A previous application to adjourn the trial, which was due to be heard at the PTR, was withdrawn, I am told, by R3 (the only party attending, but representing himself and R1 and R2 at that time) at the PTR. R3 told the Court that funding for the trial on the part of R1 and R2 had been secured. It is now claimed that that is no longer the case. R1 and R2, it is said in section 10 of the Application Notice, are in financial difficulties. They “have been unable to retain counsel for the trial”. An adjournment “would allow funding to be obtained and counsel instructed”. This assertion, made on instructions, is unsupported by any evidence. No further details are given as to the current means of R1 and R2, or why they have been unable to retain counsel for trial, or whether and if so why it is only now that this has become apparent. No details are given of how it has come about that Mr Loxton, instructed some three weeks ago, presumably with R1 and R2 then able to afford his services, had to return the brief three days ago. I have no evidence against which to test the assertion that R1 and R2 have no means, and no evidence to assess the extent to which they are innocent or implicated in relation to their change in financial circumstances (if change there has been – again, I have not been told).
Further, R3 is represented. Whilst the issues facing R1 and R2 on the one hand, and R3 on the other, are not wholly co-extensive, there is a considerable degree of overlap, and Mr Channer on behalf of R3 is able to address me on the applicable law. R1 and R2 had legal representation until three days or so before the trial. It can be assumed that they will have received legal advice during that time. Again, they have failed to address that question. It is wrong in principle for parties seeking relief to be able to gain relief as a result of as a result of the Court’s inability to test their claims because of their own failure to adduce evidence to support their application. Even a fully evidenced application to adjourn would face an uphill struggle to succeed so close to the date listed for hearing. This Application, supported by virtually no relevant evidence, cannot do better because of the wholesale default of the Applicants to provide relevant evidence. Whilst it may be the case that prejudice will be caused to the First and Second Respondents by reason of not being represented at trial, I have no evidence as to how, nor when, that position is anticipated to change. So there is no way I can understand or assess to what extent if any, or when, the prejudice will be obviated by the adjournment sought.

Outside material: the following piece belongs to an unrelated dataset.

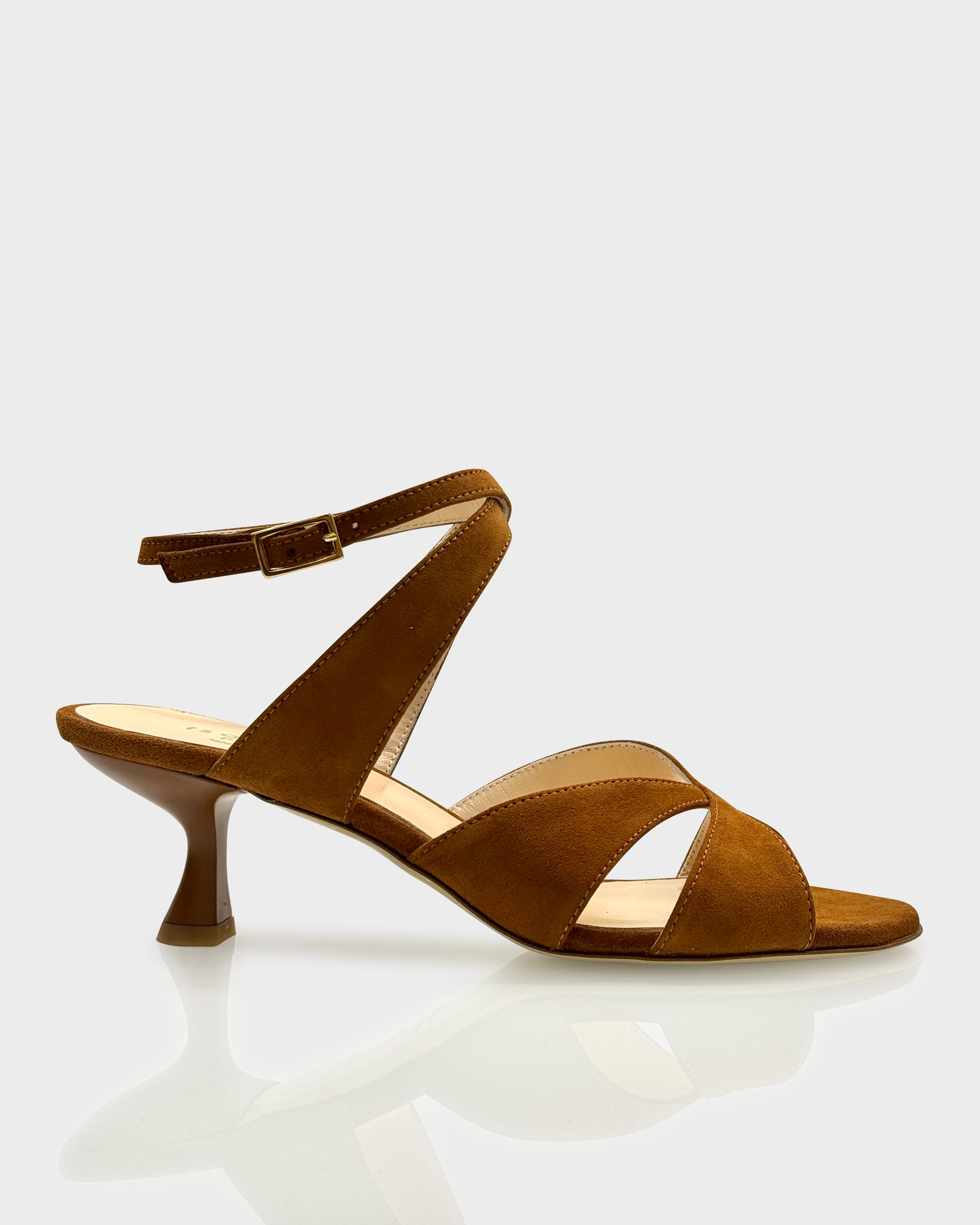 Damen-Sandalen aus Wildleder mit 5 cm Absatz, handgefertigt in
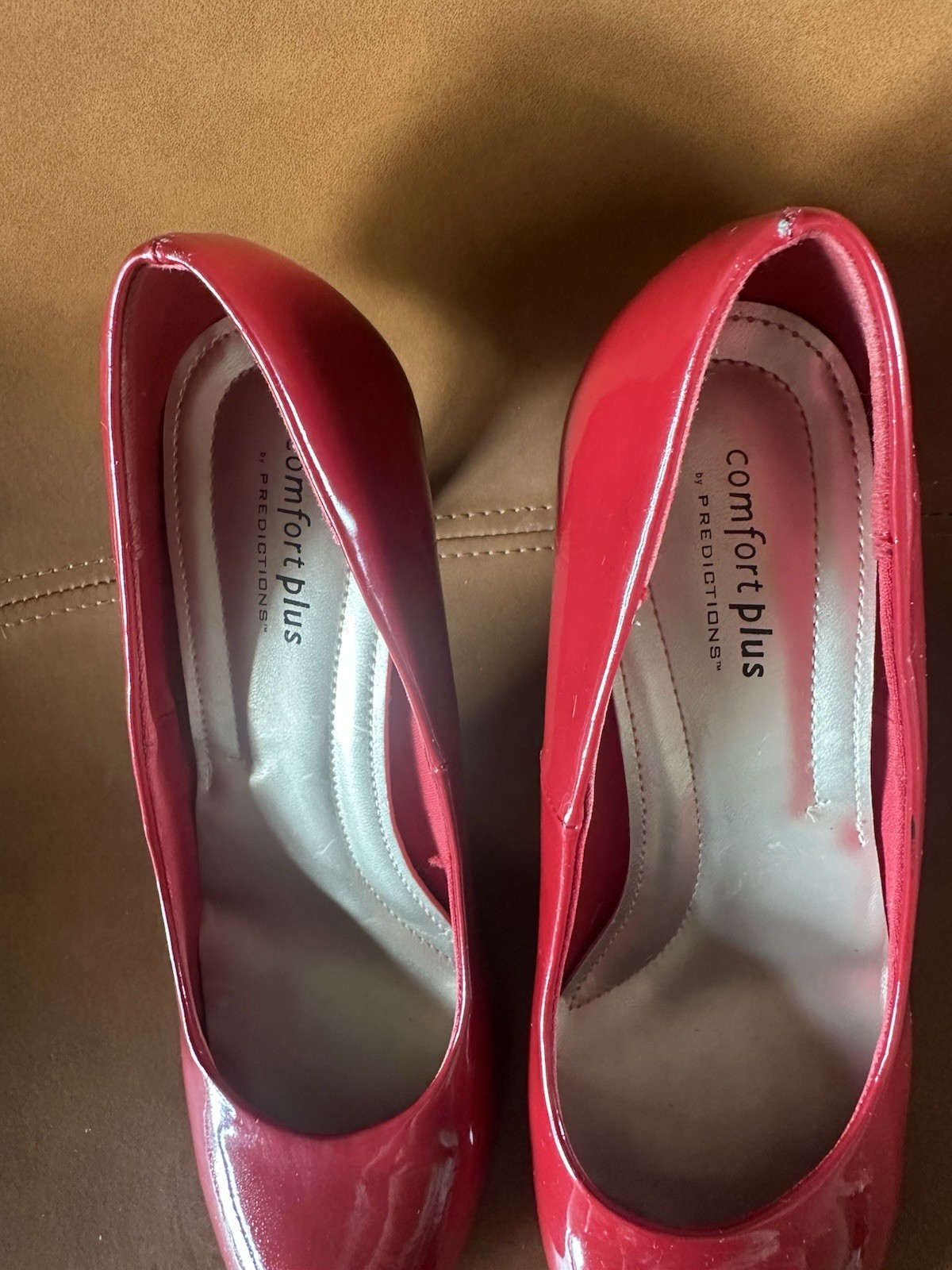 Comfort Plus By Predictions Red Patent Heels Pumps Women’s 8.5 3” Classic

For these reasons I refused the Application when it was made, indicating that written reasons would be produced subsequently. I will in any event make an order that the Applicant gives specific disclosure of all documents relevant to the issue of the financial health of TCGL. The question of the costs of the Application, if not agreed, will be reserved to the consequentials hearing following the handing down of judgment in the main trial.